__DATA__:
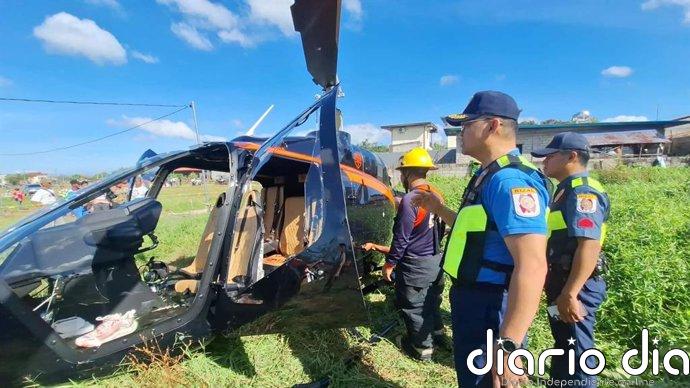 Al menos dos muertos tras estrellarse un helicóptero al sur de Manila, Filipinas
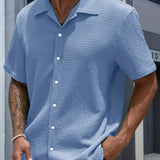 BUTTON FRONT SHIRT FOR MEN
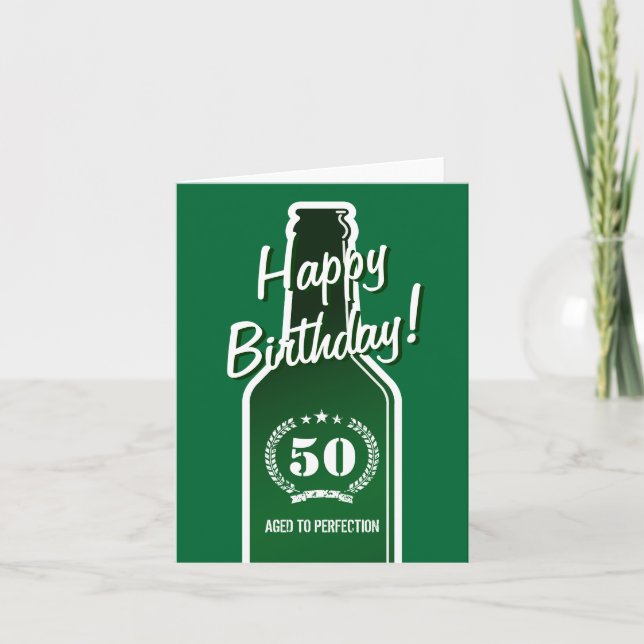 cinquantième Carte d'anniversaire pour les hommes (Devant)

__DIRECTIONS FOR THIS TASK__:
Repeat the listing word for word, and skip every picture it contains.

__TASK RESPONSE__:
 Al menos dos muertos tras estrellarse un helicóptero al sur de Manila, Filipinas
 BUTTON FRONT SHIRT FOR MEN
 cinquantième Carte d'anniversaire pour les hommes (Devant)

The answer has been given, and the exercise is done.